Dates 6 May - 3 June 2006, Wednesday to Saturday at 8pm Venue Metro Theatre, 1370 Southwest Marine Drive, Vancouver

Reviewer Ed Farolan

Atreus poster
Tom Kavadias as Poirot

Whodunnit? The pervading theme of Agatha Christie's stage plays and novels, this best-know mystery writer sold over three billion copies of her works. Although many find her "well-made" plays old-fashioned, I still believe it's imperative that theatre companies include her plays in their repertoire.

Black Coffee was the first stage play of Agatha Christie. Her agent advised her not to bother submitting it to any theatre, as in his opinion it was not good enough to be staged! However, a friend of hers who was connected with theatrical management thought otherwise, and the play was accepted for production at the Embassy Theatre in London in 1930. It was a success, and later, it was produced again in the West End of London at St Martin's Theatre, where it had a healthy run of several months.

Metro Theatre's production wasn't bad at all. Everything flowed smoothly, except a scene when the butler came in and no one talked. Perhaps that's because you don't talk when help is around. Or possibly it's because of that much abused phrase in mysteries: "The butler did it."

But I was more concerned with the actors' accents. Everyone had to have accents in this play, but some actors didn't quite hit them right. Tom Kavadias (Hercule Poirot), despite the clear delivery of his lines, lacked a truly French accent. Sarah Holden-Boyd (Barbara Armory) was trying too hard to sound like an English socialite but just didn't make the grade. Charlotte Herst (Lucia Armory) came close to the Italian way of speaking, but lacked the hand gestures and the emotional outbreaks of a typical Italian. I also didn't see that Italian flavour in Derek Wilczak (Dr Carelli).

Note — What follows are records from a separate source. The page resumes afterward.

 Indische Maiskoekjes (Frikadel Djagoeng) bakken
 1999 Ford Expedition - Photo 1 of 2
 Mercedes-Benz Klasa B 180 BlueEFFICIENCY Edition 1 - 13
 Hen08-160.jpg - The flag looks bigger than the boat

Dick Pugh (Sir Claud Amory) was quite good; his projection and delivery were crystal-clear. Gaye Le Page (Caroline Amory) fit her role to the T, as the old, chatty English lady. Jim Harrison (Tredwell) fit right into the butler's role, and Keith Barry (Richard Amory) was satsifactory, as was D. B. Reynolds (Dr. Graham). I liked the perky, enthusiastic portrayal of Michal Q. Adams (Captain Hastings). In the case of Alison Tohill (Miss Raynor), I felt she needed to be more cold-blooded despite her apparent homeliness. Ken Swan (Inspector Japp) came in cold, mumbling his lines, but as the play progressed, started picking up.

Director Catherine Morrison did quite a good job with this production. Congratulations to the set designer, Dave Carroll, and costume designer, Paula Preston, for the elegant set and period costumes. This is the 414th production of Metro Theatre, and I'm looking forward to still being around to review its 1,000th production.